» Problem: Return all of the data verbatim, dropping any picture.

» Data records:
^^^^

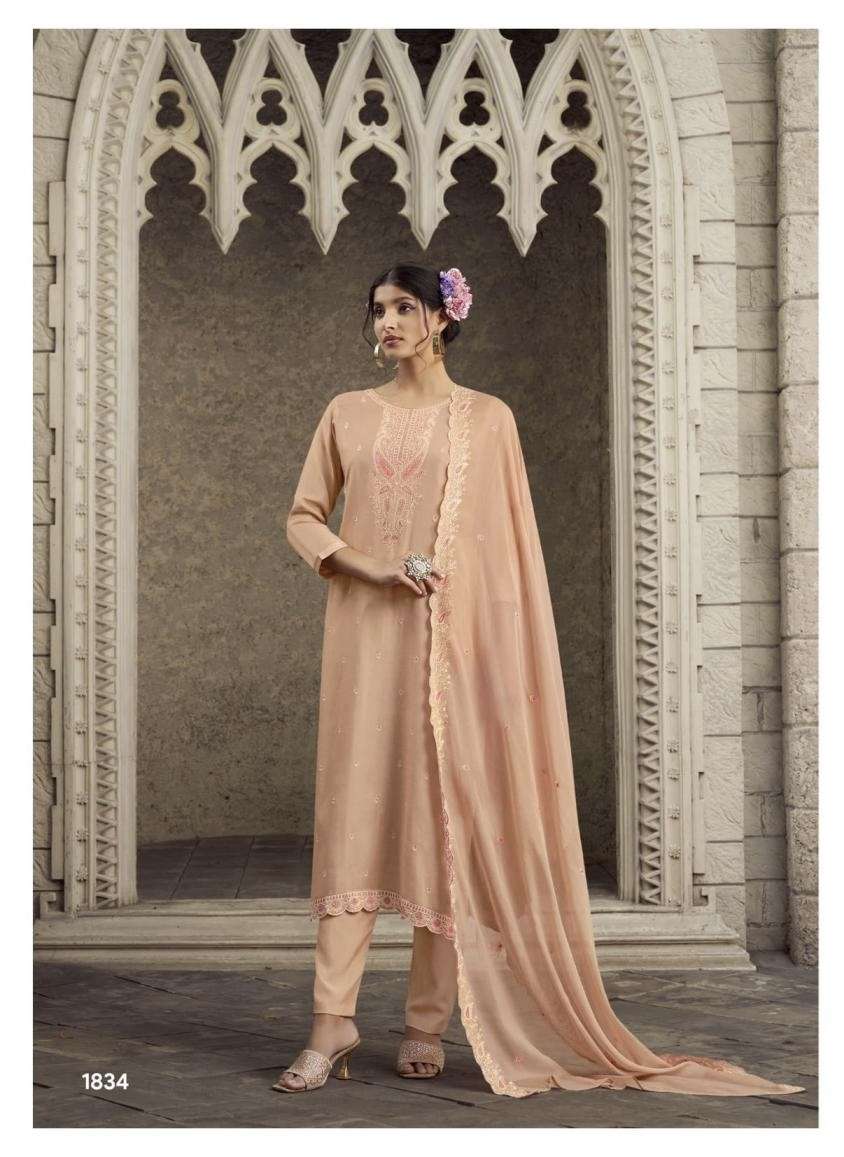 SWARNIKA SERIES 1831 TO 1834 BY FOUR DOTS DESIGNER WORK VISCOSE MUSLIN SUITS ARE AVAILABLE AT WHOLESALE PRICE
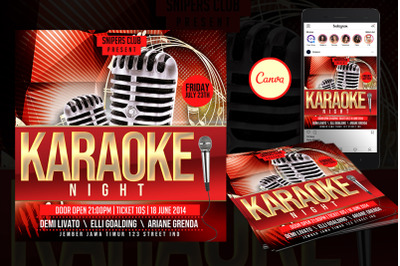 Karaoke Night Event Flyer Canva Template
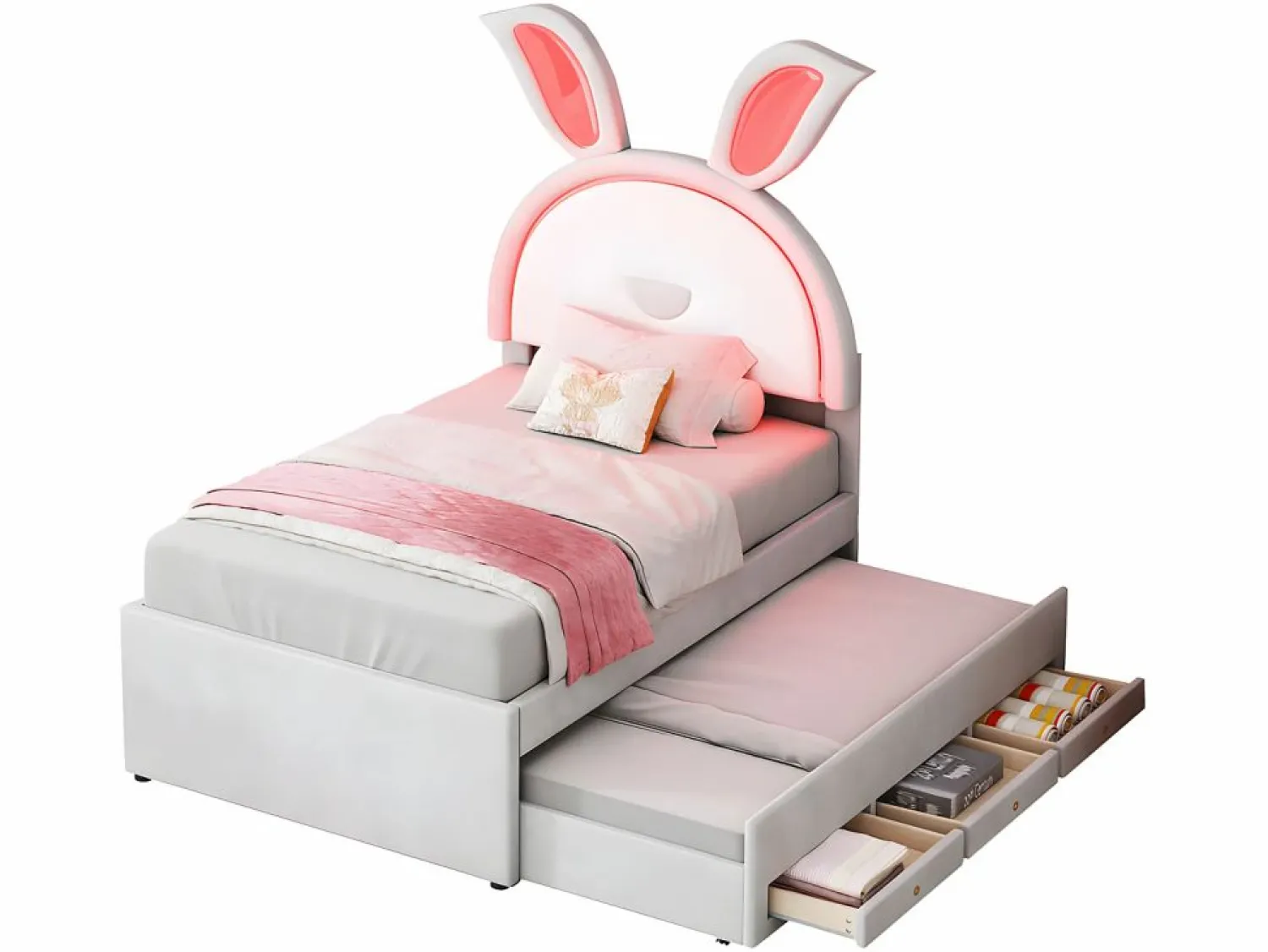 Clearance ModernLuxe Cama infantil 90x200cm en terciopelo - cama nido con 3 cajones y luces LED de colores - Beige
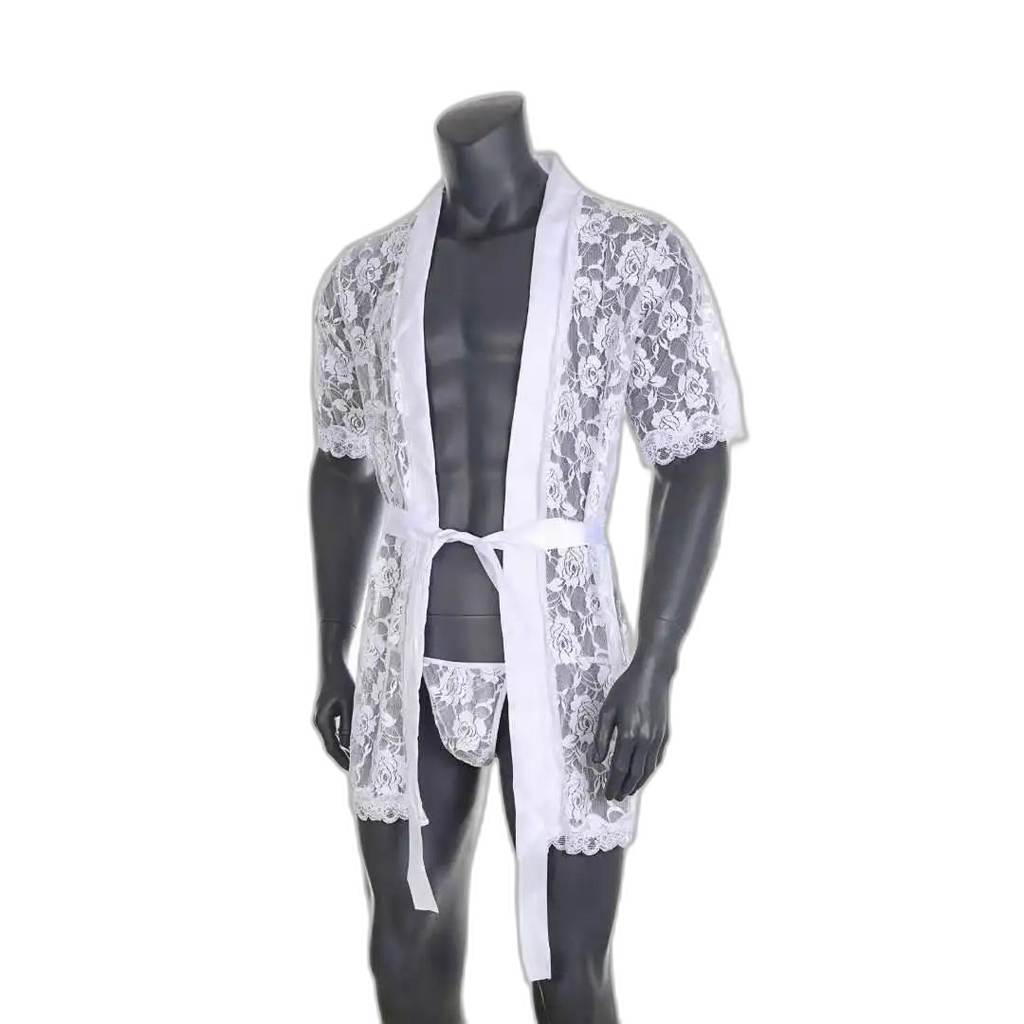 Masculine Lace Thong + Bathrobe Set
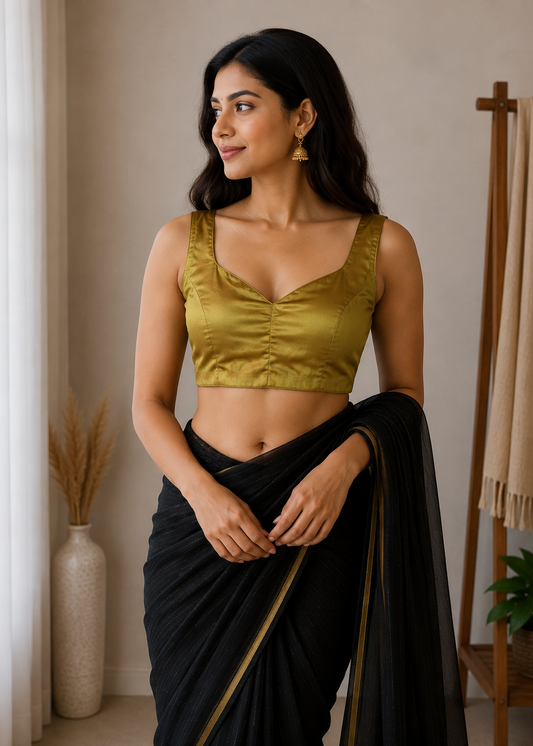 Golden Taffeta Plain Blouse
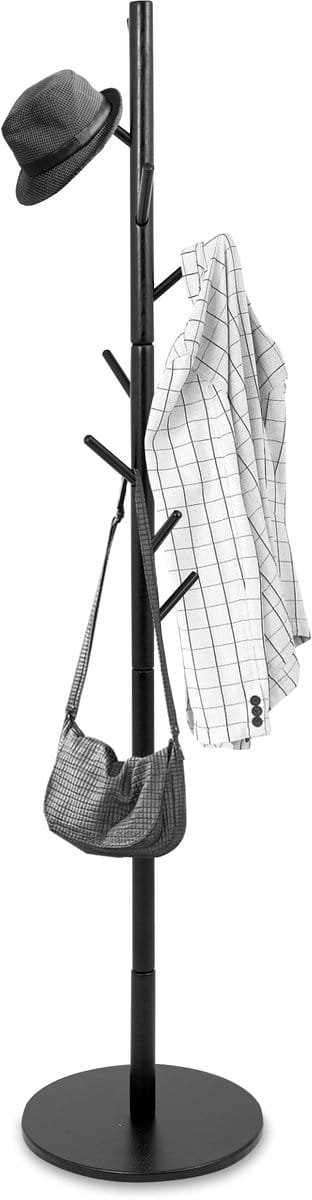 Bayt Kapstok - Staande kapstok - Kapstok Hout - Kapstok Staand - Garderoberek - 8 Haken - 175 cm - Zwart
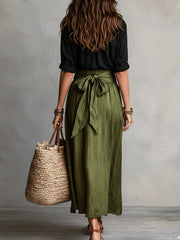Anna | Dames Knoop Twee-Delige Set Hoge Taille Maxi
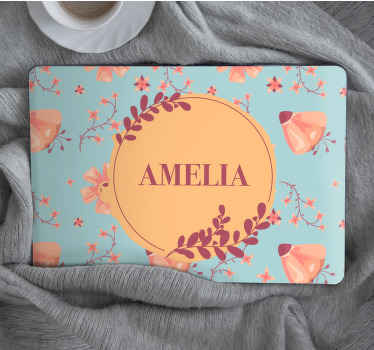 Flower Pattern Accent laptop skin - TenStickers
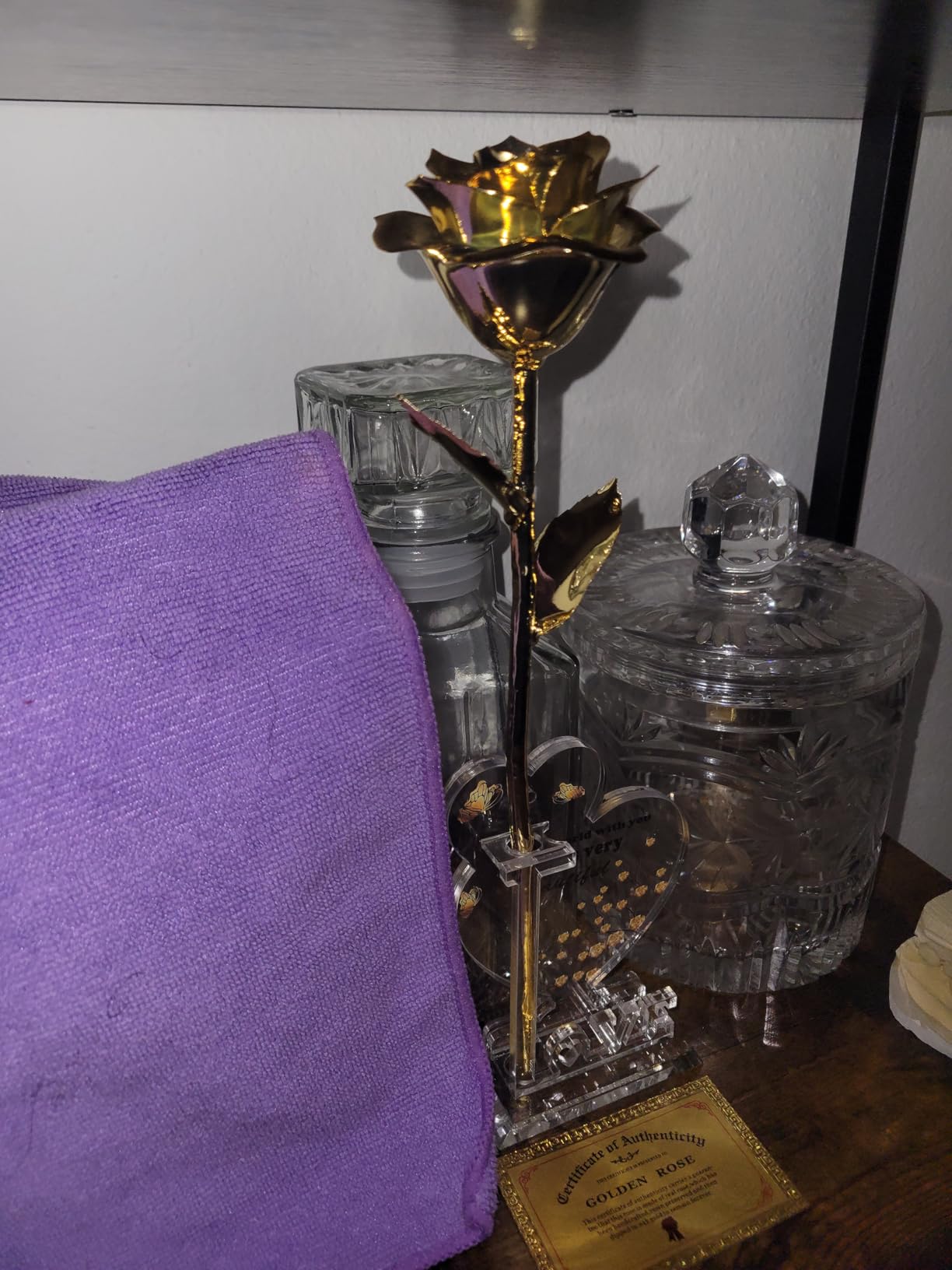 Anthonic Gold Dipped Rose Real 24K Gold Rose, Genuine One of a Kind Rose Hand Dipped in 24K Golden Roses Romantic Gifts for Women in Her Birthday Anniversary Valentines Day Mothers Day customer photo 2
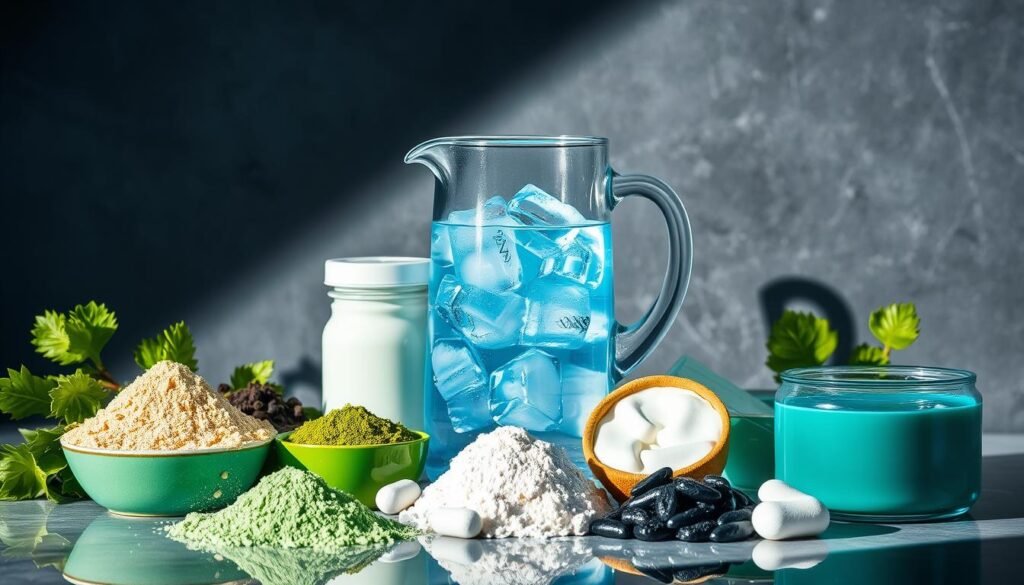 A glossy, well-lit still life composition featuring an array of aqua sculpt ingredients. In the foreground, an assortment of powdered and liquid supplements in various shades of blue, green, and white - including powdered kelp, spirulina, and chlorella. In the middle ground, a glass pitcher filled with crystal clear ice water, reflecting the colors of the surrounding elements. In the background, a smooth, slate-grey surface, accentuating the vibrant, cool-toned palette. Dramatic side lighting casts long shadows, heightening the sense of depth and dimensionality. The overall mood is one of health, hydration, and the refreshing qualities of ice-cold, mineral-rich water.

^^^^

» Finished exercise:
 SWARNIKA SERIES 1831 TO 1834 BY FOUR DOTS DESIGNER WORK VISCOSE MUSLIN SUITS ARE AVAILABLE AT WHOLESALE PRICE
 Karaoke Night Event Flyer Canva Template
 Clearance ModernLuxe Cama infantil 90x200cm en terciopelo - cama nido con 3 cajones y luces LED de colores - Beige
 Masculine Lace Thong + Bathrobe Set
 Golden Taffeta Plain Blouse
 Bayt Kapstok - Staande kapstok - Kapstok Hout - Kapstok Staand - Garderoberek - 8 Haken - 175 cm - Zwart
Anna | Dames Knoop Twee-Delige Set Hoge Taille Maxi
 Flower Pattern Accent laptop skin - TenStickers
 Anthonic Gold Dipped Rose Real 24K Gold Rose, Genuine One of a Kind Rose Hand Dipped in 24K Golden Roses Romantic Gifts for Women in Her Birthday Anniversary Valentines Day Mothers Day customer photo 2
 A glossy, well-lit still life composition featuring an array of aqua sculpt ingredients. In the foreground, an assortment of powdered and liquid supplements in various shades of blue, green, and white - including powdered kelp, spirulina, and chlorella. In the middle ground, a glass pitcher filled with crystal clear ice water, reflecting the colors of the surrounding elements. In the background, a smooth, slate-grey surface, accentuating the vibrant, cool-toned palette. Dramatic side lighting casts long shadows, heightening the sense of depth and dimensionality. The overall mood is one of health, hydration, and the refreshing qualities of ice-cold, mineral-rich water.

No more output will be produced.